Thursday, October 21, 2004

Column: "Zelling" Kerry in Israel

Tzfat is not a town where you will find people deeply involved in politics. Many people that live here choose to because it is remote and spiritual and removed from the world. Of the Americans that live here it is interesting to note that there is a group that is from Berkeley California. They didn't come together as a group but have gravitated as individuals -- perhaps because of the climate and the geography which is most similar -- perhaps because of the mystical, other- worldliness of the city.

Needless to say, the politics of most folks from Berkeley is pretty liberal in spite of the fact that anti-Semitism has wedded itself to leftist politics as the radical left has embraced the Islamofascists.
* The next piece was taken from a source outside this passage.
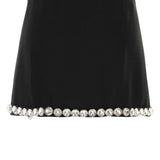 Prada premium skirts detail and craftsmanship close-up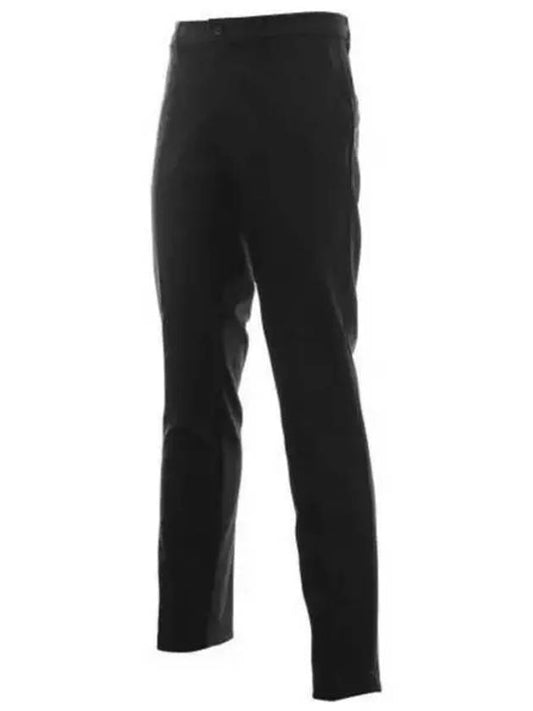 Men's Elote Bonded Fleece Stretch Pants Black - J.LINDEBERG - BALAAN 2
I don't envy the dilemma of my neighbors as Israeli flags with swastikas in the middle have become common fare at anti war rallies in the Bay area. One friend who was there this summer answered an e-mail of mine asking about how he deals with the situation there by saying that he ignores it, but I know from others I have spoken to that it is not an easy thing to ignore if you are living there full time and care about Israel and the Jewish people.

A different friend, one not from Berkeley but from New York, called me last night. He was filling out his ballot from Nassau County -- which is where I voted too. He wanted to tell me that he was voting for President Bush but he needed to talk to me first. He needed to tell me that not that long ago he was left of Peace Now and how that has all changed. He needed to clear his conscience before casting his vote for a Republican for the first time in his life. Perhaps he needed a little encouragement -- perhaps he needed to hear that a Jew can actually vote Republican -- that he can actually choose to "Zell" the Democratic party.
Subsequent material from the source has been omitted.